STRUCTURE: Kuwait’s oil wealth and consistent budget surpluses have meant that the government was well-equipped to provide high-quality infrastructure; for decades the nation’s telecoms backbone was built and operated by the state alone. However, in 1999 the government determined that the mobile sector would benefit from market liberalisation and privatised the Mobile Telecommunications Company (MTC), later rebranded as Zain, thereby removing barriers to new market entrants. The same year saw the entry of a second mobile operator, Wataniya, which ended the monopoly enjoyed by Zain and ushered in a new era of competition in prices and services. The new duopoly was to last for nearly a decade, until the arrival of VIVA in 2008, which brought the mobile market to its present state. Since that time, VIVA has been claiming market share from both of the established players, increasing its presence with aggressive marketing and bringing more competition in prices and services to the sector. However, market indicators suggest that there is growth potential for all three players over the coming years: mobile penetration as of the third quarter of 2012 stood at a relatively low 157%, according to independent ratings agency Capital Standards, and the national subscriber base continued to grow at a steady rate, from 5.21m cellular customers in the previous quarter to 5.33m – an increase of 2.4%. Examining mobile customer growth on an annual basis, meanwhile, reveals a year-on-year growth rate of 8.3% in the third quarter of 2012 from the 4.92m in the third quarter of 2011. In terms of market share, the first entrant, Zain, continues to dominate with 41.1% of total market share in the third quarter of 2012, followed by Wataniya (33.7%) and VIVA (21.2%).

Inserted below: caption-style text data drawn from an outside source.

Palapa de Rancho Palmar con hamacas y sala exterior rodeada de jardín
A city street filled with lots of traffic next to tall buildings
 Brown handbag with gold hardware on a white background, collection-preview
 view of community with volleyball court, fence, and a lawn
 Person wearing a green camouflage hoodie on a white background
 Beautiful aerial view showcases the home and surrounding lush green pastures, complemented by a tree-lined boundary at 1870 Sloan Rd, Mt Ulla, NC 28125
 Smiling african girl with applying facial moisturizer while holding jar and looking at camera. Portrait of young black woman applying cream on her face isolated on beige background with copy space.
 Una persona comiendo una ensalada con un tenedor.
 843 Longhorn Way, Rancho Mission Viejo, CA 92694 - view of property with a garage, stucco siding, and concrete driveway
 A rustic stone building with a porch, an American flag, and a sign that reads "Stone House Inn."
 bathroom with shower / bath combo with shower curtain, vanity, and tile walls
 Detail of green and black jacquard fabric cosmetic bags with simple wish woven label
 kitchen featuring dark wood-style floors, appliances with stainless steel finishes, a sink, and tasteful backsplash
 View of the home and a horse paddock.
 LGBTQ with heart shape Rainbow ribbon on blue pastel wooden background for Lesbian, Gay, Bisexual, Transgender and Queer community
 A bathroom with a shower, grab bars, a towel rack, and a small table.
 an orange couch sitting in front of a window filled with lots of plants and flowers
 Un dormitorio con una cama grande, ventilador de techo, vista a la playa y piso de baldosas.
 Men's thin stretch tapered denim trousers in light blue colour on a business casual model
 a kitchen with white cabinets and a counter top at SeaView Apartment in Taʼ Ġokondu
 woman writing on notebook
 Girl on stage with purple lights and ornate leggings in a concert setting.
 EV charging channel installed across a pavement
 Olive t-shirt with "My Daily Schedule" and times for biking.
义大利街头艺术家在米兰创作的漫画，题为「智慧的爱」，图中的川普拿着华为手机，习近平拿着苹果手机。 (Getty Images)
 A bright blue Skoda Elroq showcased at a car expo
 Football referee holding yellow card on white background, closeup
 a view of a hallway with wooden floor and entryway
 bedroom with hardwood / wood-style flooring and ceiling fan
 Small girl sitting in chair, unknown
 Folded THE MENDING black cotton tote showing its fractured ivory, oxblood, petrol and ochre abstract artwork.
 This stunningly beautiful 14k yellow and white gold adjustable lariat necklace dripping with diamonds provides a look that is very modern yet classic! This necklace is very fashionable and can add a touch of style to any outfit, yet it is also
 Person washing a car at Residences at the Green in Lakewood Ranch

KEY PLAYERS: Established as MTC in 1983, Zain is the oldest of Kuwait’s three mobile telecoms operators, as well as the oldest in the region. In response to the liberalisation of the market, it offset revenue loss in the domestic sphere by expanding overseas, a policy which allowed the newly privatised company to establish itself as one of the world’s leading telecoms brands. An expansion strategy implemented in 2003 added a number of Middle East and African operations to its roster, and in 2007 it adopted the label Zain as the new corporate master brand for all operations for the group. By 2008, it had become the fourth-largest mobile operator in the world in terms of geographical coverage, with operations in seven Middle Eastern countries and 15 African nations. However, the firm exited sub-Saharan Africa in 2010 to focus its attention on the MENA region, selling its interest there to India’s Bharti Airtel for $10.7bn. It now has a presence in eight countries (Bahrain, Jordan, Kuwait, Iraq, Saudi Arabia, Morocco, Sudan and South Sudan), a management contract in Lebanon and a subscriber base of over 42.7m as of December 2012. Despite the privatisation of the company more than a decade ago, the government retains a sizeable interest in it through the Kuwait Investment Authority (KIA), which owns a 24.61% stake. The other major shareholder is the Al-Khair National for Stocks Company, which has a 16.43% interest, while the public holds the majority of the remainder. Over the years, Zain has attracted considerable foreign interest, most notably in 2011 when Etisalat UAE sought to gain a controlling stake in the operation with a reported offer of KD3.3bn ($11.8bn); subsequently, it pulled out of the acquisition process, citing delays and disagreements.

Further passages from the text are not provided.